Saudi-born Abd al-Nashiri led al-Qaeda’s operations in the Gulf region, according to US intelligence. He allegedly masterminded the attack on the USS Cole in Yemen in 2000, which left 17 dead.
The ECHR ruling said Romania hosted a CIA prison in 2003-2005, where Abd al-Nashiri was subjected to “an extremely harsh detention regime”. The ruling said he suffered “inhuman treatment… which Romania had enabled by co-operating with the CIA”. The same verdict was issued against Lithuania, concerning Abu Zubaydah. The CIA prison in Lithuania operated in 2005-2006.
Article Three of the European Convention on Human Rights, headed “Prohibition of Torture”, says: “No-one shall be subjected to torture or to inhuman or degrading treatment or punishment.” The ruling said the suspects were not subject to the harshest interrogation techniques in Lithuania and Romania – that happened in other prisons. But both countries had helped the CIA and failed to properly investigate the prisoners’ conditions.
The judges cited CIA documents, according to which terror suspects were subjected to blindfolding or hooding, solitary confinement, the continuous use of leg shackles, and excessive exposure to noise and light.
Both Lithuania and Romania had enabled the CIA to transfer the suspects to other prisons, exposing them to “a foreseeable serious risk of further ill-treatment”.
Today’s ruling by the ECHR is an uncomfortable reminder of past practices that are now, rightly, seen as abhorrent and unacceptable.
In the years immediately following the 9/11 attacks, there was enormous pressure on many countries’ intelligence agencies to find out where the next big al-Qaeda attack would come from. This led to a “gloves off” approach to interrogation by the CIA and other agencies, with the encouragement of the George W Bush administration in the White House at the time.

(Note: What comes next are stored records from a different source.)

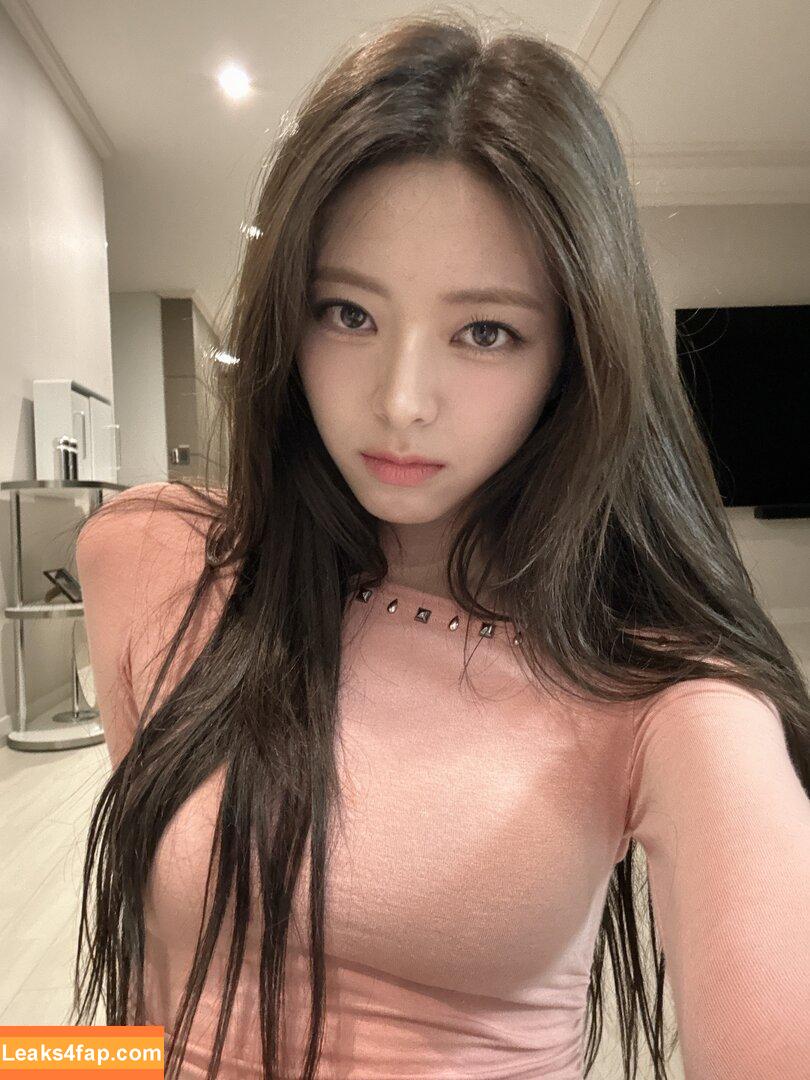 WomenK-pop /  leaked photo photo #3535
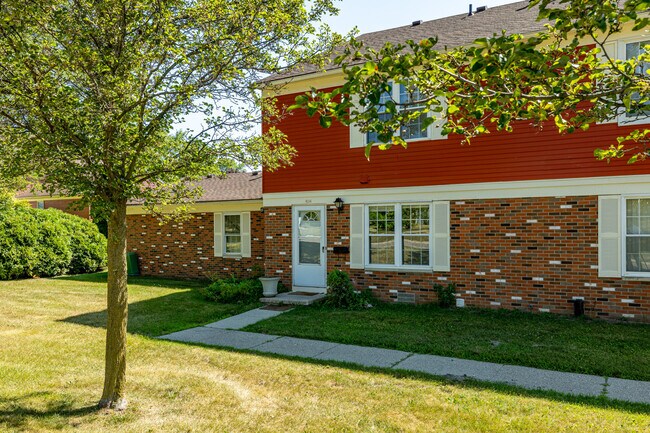 Building Photo - 1634 Wingate Blvd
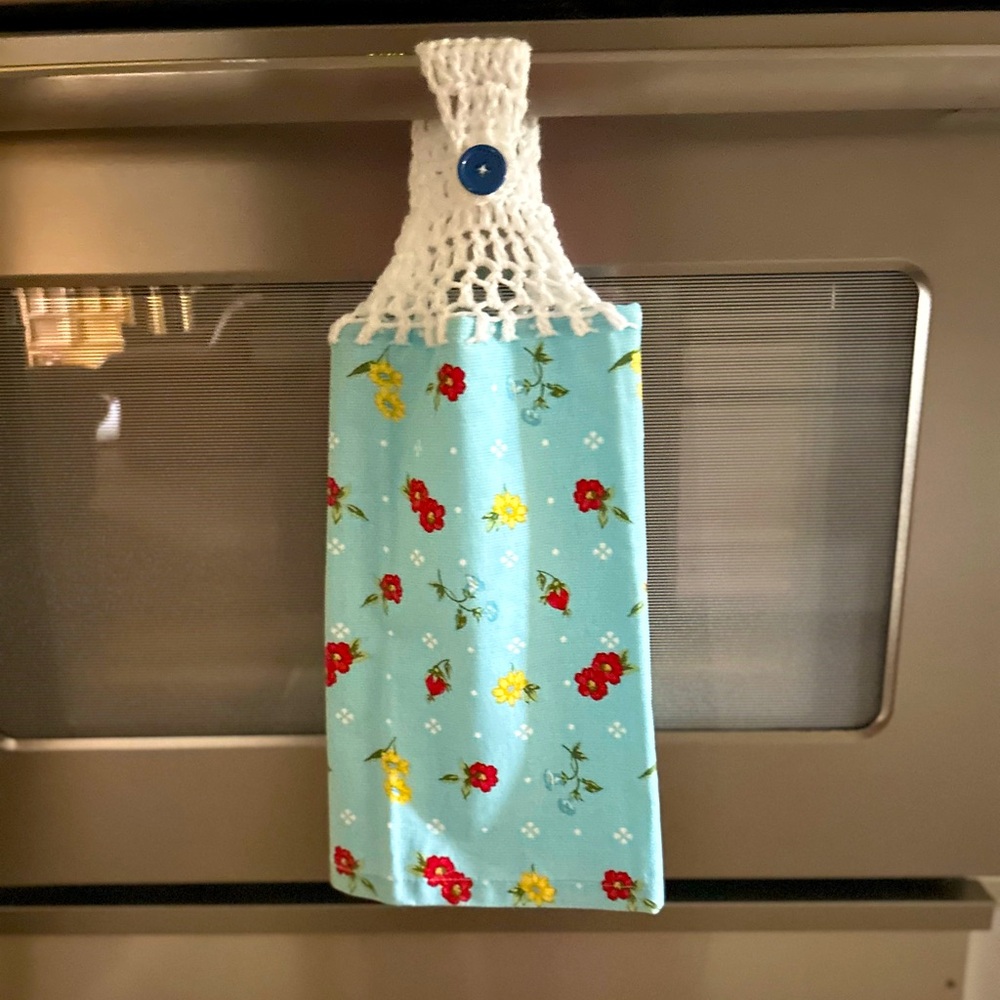 Hand Crafted Colorful Floral Roses Hanging Hand Towels Crochet Top - Picture 10 of 13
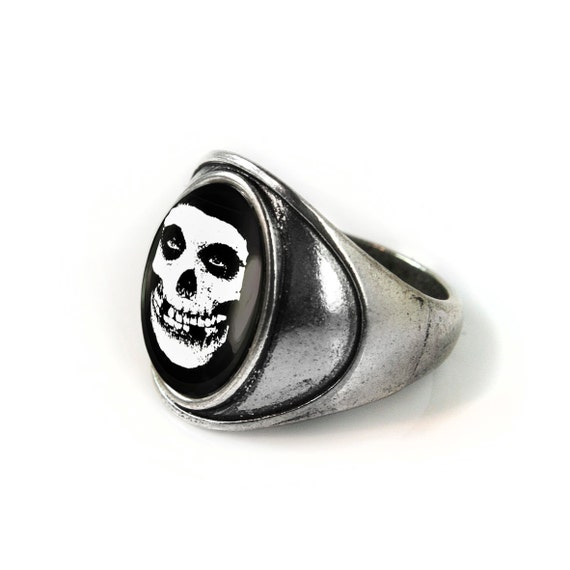 Misfits Crimson Skull Ring - Horror Punk Glenn Danzig Antique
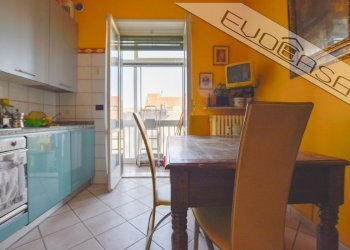 Four-room apartment Piazza Garibaldi  6, Pinerolo - photo 4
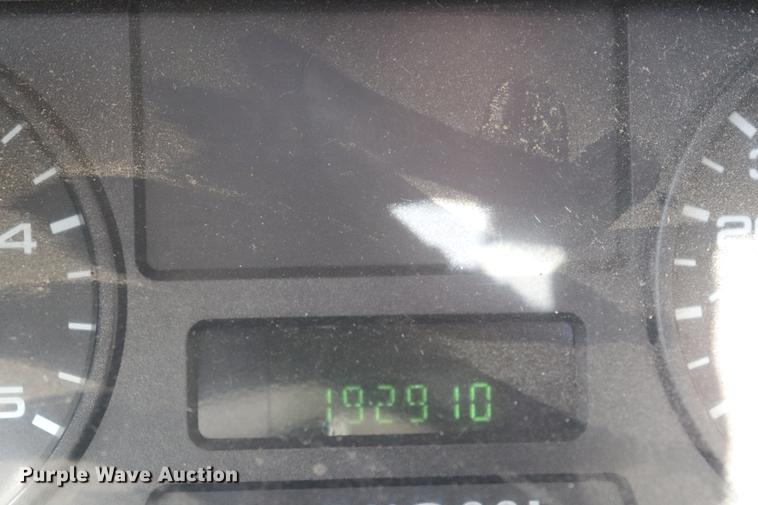 image for item ED9745 2006 Ford F350 Super Duty flatbed pickup truck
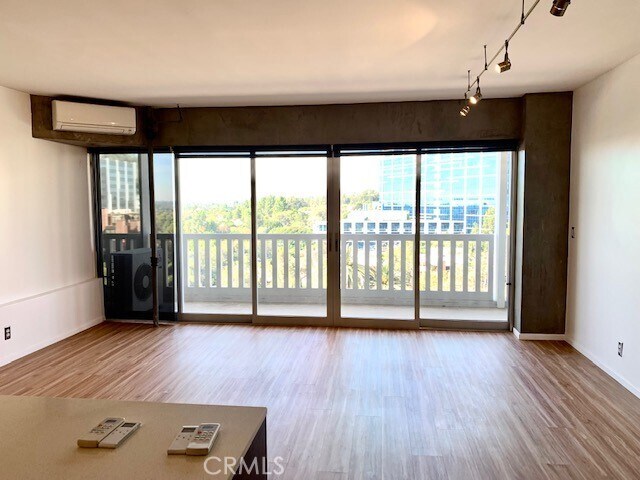 Building Photo - 999 N Doheny Dr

Intelligence officers have since spoken about their unease at what they were being asked to do, but it was said there was a pervading atmosphere that if “enhanced interrogation” of suspects could save American lives, then it was worth bending the rules.
President Obama put a stop to this, banning the practice of water boarding, which has been condemned as tantamount to torture. In 2014 the US Senate Intelligence Committee issued a detailed report on the CIA’s controversial “war on terror” interrogation programme and the “black sites”. It said al-Qaeda suspects were subjected to repeated waterboarding, slapping, stress positions and sleep deprivation. Waterboarding is simulated drowning and was condemned as torture by the Barack Obama administration.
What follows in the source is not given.